Just wanted to know at what age to use the Fox Farms product "Grow Big". Thanks guys/gals. 

P.S
Bought the product because i heard so much about it.Is there really a gain in growth?:confused2:


----------



## MrPuffAlot (Sep 17, 2007)

Veg cycle ..

and one way to find out.  Go look for the FOX FARM feeding schedue.


----------



## Homemadegravity (Sep 18, 2007)

Here ya go man check it out http://www.foxfarmfertilizer.com/soilfeed.pdf


----------



## dmack (Sep 18, 2007)

thanks alot guys. didnt think of checking on there site.


----------



## Herblover (Sep 18, 2007)

dmack,
You may want to hold off with nutes until they are well established.  Like you I bought Fox Farm's Grow Big and gave a very light feeding to my babies.  I got nute burn.  See thread: http://www.marijuanapassion.com/forum/showthread.php?t=17443

I  too am interested in finding out when during the veg stage is an appropriate time to begin feeding.


----------



## pufindo (Sep 18, 2007)

if u are using fox farms soil u usually dont have to feed till about a month...


----------



## SwisherSweets (Nov 18, 2007)

just a question about this qoute from the fox farm chart.
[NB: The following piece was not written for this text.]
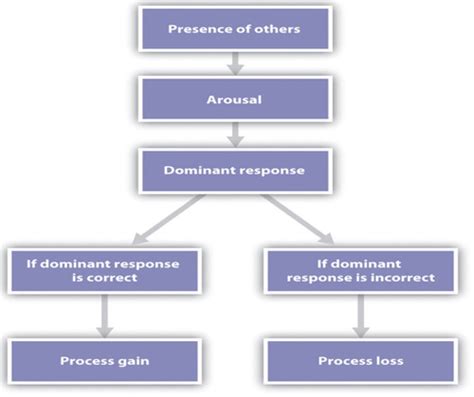 Social Facilitation Inhibition And Group Dynamics Flashcards Quizlet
Use FoxFarm Big Bloom&#8482; in conjunction with other FoxFarm nutrients to relieve plant stress, unlock unwanted salt bonds and allow for increased nutritional flow. Note: In Coco this process is especially helpful, as Coco has a tendency to retain mineral salt build-up. 

do you have to do this with growing marijuana?


----------



## Elephant Man (Dec 20, 2007)

Just soz ya know, Fox Farms Grow Big is not organic.  Be careful with it as it will build salts on ya.


----------